My second example is how one individual can make a difference to the perception of local people to the bird life around them. David Campbell is only 16 years old. He is as keen a birder as anyone you will meet. He does twitch, but this does not lessen his passion for the local patch. He has thrashed Canons Farm into submission, found a raft of excellent local species, but his most impressive skill-set for someone so young is his grasp of public relations. He manned a stand at the local country fair, spreading the wonder of the local bird life; he has set up a wiki for the farm that has many visitors, not all of them birders; he engages with the local dog walkers and shooters; he has got involved with the downland conservators when scrub clearance nearby threatened the wintering home of a small flock of Firecrests (that he had found).

These two examples are a lesson to us all, but particularly to me.

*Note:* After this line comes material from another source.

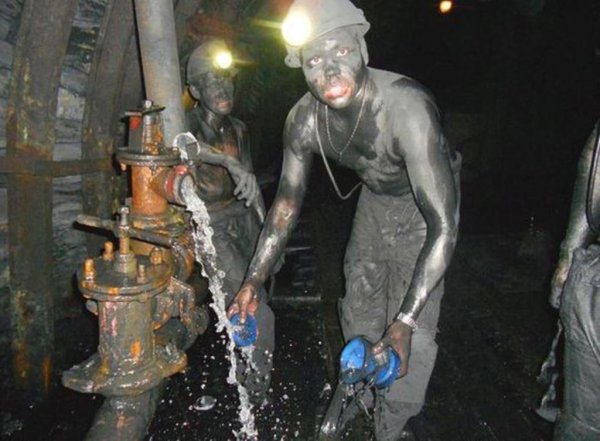 Шахтеры в угольной шахте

In all the time that I have been birding, 95% of that time has been spent purely looking and recording. OK, that has meant that my observations have been collated by county bird clubs, the BTO and other wildlife bodies, so it hasn't been without its worth. But, if all that any of us did was just record the wildlife, then we would be falling short as a whole. We need these individuals and groups that go beyond that. We need the people who engage with non-birders, who debate with local authorities and lobby for habitat protection and creation. I should get involved and maybe I will. For the time being I'm using this post to say a big thank you to those that already do.

Tomorrow I may be back in a grumpy, frivolous mood and post more pictures of obscure insects or discuss how things really were better in the crappy seventies.

1 comment:

  1. Probably not in the same vein Steve, but i recently put a stop to some building work because 2 pair of Swift were nesting in the roofspace of the houses that were being upgraded. It felt good, i`ll tell you.